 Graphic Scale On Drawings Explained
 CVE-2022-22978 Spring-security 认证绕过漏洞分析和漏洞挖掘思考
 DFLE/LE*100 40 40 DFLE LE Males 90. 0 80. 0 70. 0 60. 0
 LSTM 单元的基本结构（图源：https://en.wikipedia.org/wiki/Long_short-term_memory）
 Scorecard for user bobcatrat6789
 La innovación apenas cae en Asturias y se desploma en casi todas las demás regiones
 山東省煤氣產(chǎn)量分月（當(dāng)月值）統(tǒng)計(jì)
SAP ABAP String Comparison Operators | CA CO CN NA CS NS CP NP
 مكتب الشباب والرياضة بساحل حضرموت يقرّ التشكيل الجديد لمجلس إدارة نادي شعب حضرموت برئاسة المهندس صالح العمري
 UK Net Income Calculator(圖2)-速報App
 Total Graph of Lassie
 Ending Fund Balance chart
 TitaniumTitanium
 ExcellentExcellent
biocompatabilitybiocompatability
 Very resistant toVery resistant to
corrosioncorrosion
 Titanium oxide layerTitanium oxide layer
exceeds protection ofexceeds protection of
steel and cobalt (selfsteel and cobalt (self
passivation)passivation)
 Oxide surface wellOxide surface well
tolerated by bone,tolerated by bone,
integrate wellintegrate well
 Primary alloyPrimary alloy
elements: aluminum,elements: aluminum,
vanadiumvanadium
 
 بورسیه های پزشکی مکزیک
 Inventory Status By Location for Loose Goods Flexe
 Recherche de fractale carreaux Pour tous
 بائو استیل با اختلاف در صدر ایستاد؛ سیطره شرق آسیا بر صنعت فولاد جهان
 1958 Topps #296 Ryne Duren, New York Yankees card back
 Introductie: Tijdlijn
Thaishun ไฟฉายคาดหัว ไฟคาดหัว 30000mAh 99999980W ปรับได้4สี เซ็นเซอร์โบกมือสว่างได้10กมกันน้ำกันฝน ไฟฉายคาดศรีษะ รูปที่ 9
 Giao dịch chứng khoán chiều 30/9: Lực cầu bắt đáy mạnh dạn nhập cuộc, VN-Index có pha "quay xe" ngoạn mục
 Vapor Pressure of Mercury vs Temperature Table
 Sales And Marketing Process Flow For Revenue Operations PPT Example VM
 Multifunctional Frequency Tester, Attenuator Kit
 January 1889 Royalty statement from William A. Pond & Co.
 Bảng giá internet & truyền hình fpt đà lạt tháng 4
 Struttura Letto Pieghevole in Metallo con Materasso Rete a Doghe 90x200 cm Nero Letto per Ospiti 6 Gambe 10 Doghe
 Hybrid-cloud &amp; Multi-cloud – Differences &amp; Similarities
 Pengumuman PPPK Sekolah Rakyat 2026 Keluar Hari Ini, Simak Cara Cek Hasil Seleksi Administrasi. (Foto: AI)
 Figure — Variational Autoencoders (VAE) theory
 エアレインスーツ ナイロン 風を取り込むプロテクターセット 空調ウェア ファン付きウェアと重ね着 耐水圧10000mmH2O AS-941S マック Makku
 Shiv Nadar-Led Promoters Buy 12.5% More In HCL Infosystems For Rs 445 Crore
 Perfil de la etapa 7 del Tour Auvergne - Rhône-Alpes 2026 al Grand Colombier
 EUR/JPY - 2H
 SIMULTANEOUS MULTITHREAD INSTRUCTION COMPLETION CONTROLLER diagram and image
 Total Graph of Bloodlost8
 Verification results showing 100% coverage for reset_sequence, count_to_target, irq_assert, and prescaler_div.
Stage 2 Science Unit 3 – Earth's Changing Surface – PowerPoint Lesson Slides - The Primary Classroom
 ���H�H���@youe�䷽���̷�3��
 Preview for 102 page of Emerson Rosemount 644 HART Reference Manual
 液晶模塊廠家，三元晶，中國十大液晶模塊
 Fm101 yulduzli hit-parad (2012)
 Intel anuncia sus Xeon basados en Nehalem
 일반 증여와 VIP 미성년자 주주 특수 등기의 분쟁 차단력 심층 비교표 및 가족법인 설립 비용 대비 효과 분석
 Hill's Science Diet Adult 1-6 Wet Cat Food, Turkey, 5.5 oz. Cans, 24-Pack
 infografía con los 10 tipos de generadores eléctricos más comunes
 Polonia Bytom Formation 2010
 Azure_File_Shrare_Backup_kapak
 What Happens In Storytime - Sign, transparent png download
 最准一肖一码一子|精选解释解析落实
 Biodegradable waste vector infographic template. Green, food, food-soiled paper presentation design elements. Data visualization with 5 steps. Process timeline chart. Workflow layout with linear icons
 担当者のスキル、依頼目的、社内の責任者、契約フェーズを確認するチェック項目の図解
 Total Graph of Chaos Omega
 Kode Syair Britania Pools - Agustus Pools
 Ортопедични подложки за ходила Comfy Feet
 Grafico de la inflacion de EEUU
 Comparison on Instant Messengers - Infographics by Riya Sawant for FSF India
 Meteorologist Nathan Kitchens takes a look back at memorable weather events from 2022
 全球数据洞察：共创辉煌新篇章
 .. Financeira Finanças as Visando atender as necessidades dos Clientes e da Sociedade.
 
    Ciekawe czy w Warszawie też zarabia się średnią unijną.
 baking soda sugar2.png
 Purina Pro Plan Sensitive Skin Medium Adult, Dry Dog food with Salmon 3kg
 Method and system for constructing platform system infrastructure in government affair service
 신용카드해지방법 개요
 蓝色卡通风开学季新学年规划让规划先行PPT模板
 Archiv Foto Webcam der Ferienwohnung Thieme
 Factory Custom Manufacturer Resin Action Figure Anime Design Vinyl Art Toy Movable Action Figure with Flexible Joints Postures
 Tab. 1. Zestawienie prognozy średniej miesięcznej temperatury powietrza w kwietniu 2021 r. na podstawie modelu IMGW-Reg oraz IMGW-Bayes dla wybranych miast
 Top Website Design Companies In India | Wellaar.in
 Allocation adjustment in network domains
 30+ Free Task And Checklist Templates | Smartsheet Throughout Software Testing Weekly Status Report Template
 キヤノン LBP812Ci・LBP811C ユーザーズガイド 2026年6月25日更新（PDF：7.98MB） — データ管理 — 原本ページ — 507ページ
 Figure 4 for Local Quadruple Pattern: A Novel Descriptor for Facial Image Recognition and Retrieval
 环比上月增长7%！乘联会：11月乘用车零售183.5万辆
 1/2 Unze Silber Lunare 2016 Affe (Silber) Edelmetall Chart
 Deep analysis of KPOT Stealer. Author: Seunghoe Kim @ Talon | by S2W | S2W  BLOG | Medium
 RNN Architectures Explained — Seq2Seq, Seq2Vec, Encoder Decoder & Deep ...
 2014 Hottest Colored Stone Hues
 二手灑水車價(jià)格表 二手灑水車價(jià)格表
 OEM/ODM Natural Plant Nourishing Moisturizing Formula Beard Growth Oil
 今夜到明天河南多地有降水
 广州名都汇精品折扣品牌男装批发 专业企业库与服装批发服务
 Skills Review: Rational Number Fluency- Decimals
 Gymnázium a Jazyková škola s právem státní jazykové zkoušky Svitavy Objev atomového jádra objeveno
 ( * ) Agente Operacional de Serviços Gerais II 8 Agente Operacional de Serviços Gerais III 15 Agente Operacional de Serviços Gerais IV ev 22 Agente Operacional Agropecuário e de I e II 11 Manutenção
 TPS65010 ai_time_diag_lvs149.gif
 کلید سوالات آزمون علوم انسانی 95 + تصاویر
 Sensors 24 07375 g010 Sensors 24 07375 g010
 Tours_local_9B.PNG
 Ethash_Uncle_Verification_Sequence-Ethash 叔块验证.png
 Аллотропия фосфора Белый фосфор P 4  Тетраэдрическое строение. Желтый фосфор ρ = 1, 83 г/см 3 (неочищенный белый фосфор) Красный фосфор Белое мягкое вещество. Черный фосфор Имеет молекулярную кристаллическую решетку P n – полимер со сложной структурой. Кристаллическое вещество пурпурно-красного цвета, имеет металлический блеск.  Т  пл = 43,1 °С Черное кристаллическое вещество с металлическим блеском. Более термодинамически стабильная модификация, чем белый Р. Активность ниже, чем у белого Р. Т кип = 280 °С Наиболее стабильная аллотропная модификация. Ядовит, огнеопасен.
════════════════════
Tally the lines above in which the string "from" occurs, and give the total with nothing added.

### [RESPONSE FOR THIS EXERCISE]
2